Henry Doane, who has been involved with several downtown businesses in historic buildings, including the Blue Marlin, the Tornado Room and the Orpheum Theatre, told the commission, "This project is the wrong kind of urban renewal. It's an attempt to sterilize an urban environment." He compared the historic neighborhood to an ecosystem, saying when you demolish enough old buildings "the ecosystem dies."
The Overture Center, he added, was built within an urban "forest." "Now they want to cut down the trees for a view."
Madison resident Joe Lusson echoed those comments, saying, "Overture was plunked down in the middle of an urban area. It needs to respect that."
Others supported the project, saying that the Fairchild and Mifflin Street sides of the block in particular need help and that cities are always evolving. Maria Milsted, whose family owns the other half of the 100 block, including the iconic Teddywedgers building, told the commission, "I'm tired of living in blight... I don't know why we have to be stuck on one [historic style]."
The commission also heard from a member of the Frautschi family, which has been the silent, driving force behind the plans. Grant Frautschi sounded a defensive note. "I keep hearing people call State Street a historic district, and I don't understand this," he said, echoing comments from architects and planners that the street does not have official historic designation, although it has been determined to qualify for it. "State Street is not a historic district."
Two of the buildings on the 100 block are historic landmarks, however, including the Schubert building, which the Frautschis want to demolish. "When people say 'what gives them the right to tear down the Schubert building?' they don't realize that the Frautschi family owned the building for six years before it was a landmark," Grant Frautschi said.
Commission chairman Stu Levitan asked Frautschi why the family didn't let the city know, when the building was landmarked in 2006, that it had plans for the block. Frautschi said he believed the family had, through realtor Marty Rifken.

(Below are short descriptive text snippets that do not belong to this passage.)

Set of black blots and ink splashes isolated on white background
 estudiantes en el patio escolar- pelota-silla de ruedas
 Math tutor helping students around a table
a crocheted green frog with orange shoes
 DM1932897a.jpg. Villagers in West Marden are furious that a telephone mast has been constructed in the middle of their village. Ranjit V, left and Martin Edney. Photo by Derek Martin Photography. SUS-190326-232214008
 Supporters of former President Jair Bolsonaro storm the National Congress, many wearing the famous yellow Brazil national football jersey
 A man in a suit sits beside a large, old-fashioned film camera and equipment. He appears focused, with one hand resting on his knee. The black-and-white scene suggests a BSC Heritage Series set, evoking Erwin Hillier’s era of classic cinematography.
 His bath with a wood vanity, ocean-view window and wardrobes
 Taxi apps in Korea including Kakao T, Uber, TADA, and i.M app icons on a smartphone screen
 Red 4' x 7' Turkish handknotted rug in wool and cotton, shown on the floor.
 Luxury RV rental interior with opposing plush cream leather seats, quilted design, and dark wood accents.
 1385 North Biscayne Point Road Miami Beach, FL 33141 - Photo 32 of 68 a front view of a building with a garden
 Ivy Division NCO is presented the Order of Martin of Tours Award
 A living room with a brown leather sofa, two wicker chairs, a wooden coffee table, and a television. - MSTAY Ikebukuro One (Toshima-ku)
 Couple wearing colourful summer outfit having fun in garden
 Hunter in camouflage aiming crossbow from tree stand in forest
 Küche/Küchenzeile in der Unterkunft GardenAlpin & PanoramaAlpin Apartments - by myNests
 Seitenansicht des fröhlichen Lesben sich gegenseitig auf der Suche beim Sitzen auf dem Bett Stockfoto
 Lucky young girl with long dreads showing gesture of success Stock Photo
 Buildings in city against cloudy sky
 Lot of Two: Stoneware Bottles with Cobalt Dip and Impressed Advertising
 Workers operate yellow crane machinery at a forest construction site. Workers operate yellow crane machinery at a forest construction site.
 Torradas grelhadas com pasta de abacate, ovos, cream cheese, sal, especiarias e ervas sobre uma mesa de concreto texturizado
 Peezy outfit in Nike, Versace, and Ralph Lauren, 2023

City staff have recommended against tearing the Schubert building down. The developers made a point-by-point rebuttal (PDF) and argued that the Schubert building, built by Ferdinand Kronenberg in 1908, isn't all that significant, either of Queen Anne buildings or the architect. "This building is not the only [Queen Anne style] example on State Street," said project architect Eric Lawson. The window, which the developers plan to save and reuse on the project, is the building's most significant feature, he said.
Project manager George Austin asked the commission to decide on the fate of the Schubert building Monday night, so the developers could assess its next step. But Levitan said it needed more time.
"This is the most important decision facing downtown since the construction of the Overture Center and the State Street pedestrian mall," Levitan told Austin. "You've been working on it for years. We need more than one night."
The Landmarks Commission will take up the matter again in two weeks. The commission did agree Monday night that the proposed four-story construction was visually intrusive to the historic Castle & Doyle Building. That recommendation, though not binding, will be sent to the Plan and Urban Design Commissions.
After the meeting, Austin told reporters that he didn't know what would happen if the city refused to allow demolition of the Schubert and Fairchild buildings. "I'm not prepared to say it's a deal breaker," he said. "The applicants will have the opportunity to reassess whether to amend, appeal or drop the project."